Si parla quasi sempre di ebrei convertiti: la Chiesa si mosse soltanto per loro?
«I documenti dell’Archivio Segreto Vaticano ci dicono esattamente l’opposto. Il Vaticano non pone un aut-aut (la conversione requisito essenziale dell’assistenza), ma trova molto più giusta la politica dell’et-et (si opera per i tanti ebrei convertiti che chiedono aiuto, non rifiutando l’aiuto anche ai non convertiti). I documenti ci dicono che già nel novembre del 1938 questi sono tanti. In Italia molte conversioni si realizzano a ridosso delle leggi razziali, ossia a tempo di record, e rappresentano un mezzo per sfuggire alla discriminazione. La Santa Sede sapeva benissimo che esse avevano tale unico scopo. Occorrerebbe quindi dire più esattamente che la Chiesa si mosse inizialmente per moltissimi ebrei, che si erano convertiti al cattolicesimo solo per sfuggire alle leggi razziali, per poi estendere a tutti gli ebrei il suo raggio d’azione».
L’appello del cardinale Mercati, che Pio XI fa proprio spedendolo ai cardinali americani e canadesi, è la prima iniziativa vaticana in favore degli ebrei?
«Assolutamente no. Già il 4 aprile 1933, cioè più di cinque anni prima, quando iniziavano le discriminazioni antiebraiche in Germania, il cardinale Eugenio Pacelli aveva dato disposizioni al nunzio a Berlino di intervenire in favore di un gruppo di ebrei tedeschi. E in quel caso non erano ebrei convertiti».
Perché gli appelli della Santa Sede ricevettero così tante risposte negative?
«Anche in Paesi geograficamente lontani dall’Asse gli ebrei erano purtroppo considerati un “problema”, nemmeno tanto pudicamente camuffato sotto forma di “norme sull’immigrazione”, stranamente molto rigide anche in Paesi di consolidata accoglienza. Gli ebrei (anche se convertiti) trovarono dunque molte frontiere sbarrate. Quali le ragioni? Nei Paesi di tradizione cattolica esisteva certo un retaggio di antigiudaismo misto a xenofobia. C’era poi il timore che il sistema economico risentisse dell’immigrazione ebraica. Non si deve dimenticare che alcuni governi non erano così lontani dal calcare le orme di Hitler e di Mussolini nella discriminazione (anche se non nella persecuzione) degli ebrei. Che l’antisemitismo non fosse prerogativa dei nazisti, ma albergasse anche in nazioni “libere” e democratiche, non è una novità».
Perché la Santa Sede non protestò pubblicamente contro le leggi razziali?

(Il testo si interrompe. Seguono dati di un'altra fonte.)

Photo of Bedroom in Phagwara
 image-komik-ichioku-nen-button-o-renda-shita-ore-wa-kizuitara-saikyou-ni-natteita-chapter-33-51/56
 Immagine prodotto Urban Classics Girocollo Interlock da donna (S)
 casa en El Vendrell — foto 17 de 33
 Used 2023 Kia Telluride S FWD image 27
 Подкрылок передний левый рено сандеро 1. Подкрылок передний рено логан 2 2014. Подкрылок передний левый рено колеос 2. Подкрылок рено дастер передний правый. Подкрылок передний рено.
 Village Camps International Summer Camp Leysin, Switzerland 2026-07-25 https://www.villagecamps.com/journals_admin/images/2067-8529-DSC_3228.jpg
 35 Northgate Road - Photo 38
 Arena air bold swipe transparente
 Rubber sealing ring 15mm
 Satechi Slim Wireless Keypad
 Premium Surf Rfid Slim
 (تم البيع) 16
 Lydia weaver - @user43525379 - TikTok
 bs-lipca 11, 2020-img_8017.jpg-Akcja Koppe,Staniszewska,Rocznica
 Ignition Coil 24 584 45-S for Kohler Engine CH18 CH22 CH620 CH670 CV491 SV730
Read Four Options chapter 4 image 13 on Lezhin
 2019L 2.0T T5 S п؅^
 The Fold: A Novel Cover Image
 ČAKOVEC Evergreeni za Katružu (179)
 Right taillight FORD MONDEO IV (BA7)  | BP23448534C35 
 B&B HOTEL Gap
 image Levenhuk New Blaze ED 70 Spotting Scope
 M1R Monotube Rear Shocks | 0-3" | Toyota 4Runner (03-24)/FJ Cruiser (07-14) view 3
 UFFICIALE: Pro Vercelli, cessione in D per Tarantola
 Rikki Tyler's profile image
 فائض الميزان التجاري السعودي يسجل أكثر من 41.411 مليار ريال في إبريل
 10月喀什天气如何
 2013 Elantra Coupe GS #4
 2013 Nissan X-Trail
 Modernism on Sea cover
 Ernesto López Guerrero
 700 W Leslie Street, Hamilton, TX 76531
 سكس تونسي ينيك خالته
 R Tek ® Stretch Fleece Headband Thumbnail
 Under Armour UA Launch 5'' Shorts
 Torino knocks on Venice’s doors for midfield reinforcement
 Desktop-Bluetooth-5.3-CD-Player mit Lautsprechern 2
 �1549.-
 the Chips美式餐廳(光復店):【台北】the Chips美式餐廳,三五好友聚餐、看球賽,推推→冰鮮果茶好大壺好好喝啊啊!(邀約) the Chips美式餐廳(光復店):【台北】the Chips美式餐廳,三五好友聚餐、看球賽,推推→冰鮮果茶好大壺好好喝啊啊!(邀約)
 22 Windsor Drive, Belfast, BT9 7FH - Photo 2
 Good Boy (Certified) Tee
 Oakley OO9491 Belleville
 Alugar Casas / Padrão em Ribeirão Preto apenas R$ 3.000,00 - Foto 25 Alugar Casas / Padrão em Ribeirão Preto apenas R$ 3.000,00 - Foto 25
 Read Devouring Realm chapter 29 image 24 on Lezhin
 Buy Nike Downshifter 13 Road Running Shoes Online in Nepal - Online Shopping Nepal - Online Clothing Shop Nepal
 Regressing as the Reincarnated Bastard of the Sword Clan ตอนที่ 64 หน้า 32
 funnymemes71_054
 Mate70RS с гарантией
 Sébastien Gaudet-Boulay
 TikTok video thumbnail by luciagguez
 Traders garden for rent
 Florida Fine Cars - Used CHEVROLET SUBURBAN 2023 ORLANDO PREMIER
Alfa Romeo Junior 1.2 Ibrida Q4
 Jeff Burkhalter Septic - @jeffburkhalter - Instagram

«Posta in questo modo, la domanda chiama in causa non solo la Chiesa cattolica ma anche le altre Chiese cristiane, la Croce Rossa Internazionale e non poche delle stesse organizzazioni ebraiche. La protesta nuda e cruda, magari plateale, non è una linea operativa, anzi di per sé implica che se ne accetti l’effetto: ossia l’annullamento dell’efficacia operativa di una complessa rete di assistenza attivata in mezzo a gravi difficoltà, con grandi sforzi e tanta pazienza.

Il Vaticano aveva poi alle spalle anni di aspro contenzioso con la Germania proprio sui temi razziali e a partire dal 1928 aveva pubblicato documenti contro l’antisemitismo, aveva messo all’Indice le opere di Rosenberg, ideologo-guida del nazismo. La protesta “verbale” estemporanea avrebbe rischiato di compromettere l’organizzazione e la gestione di una rete di aiuti».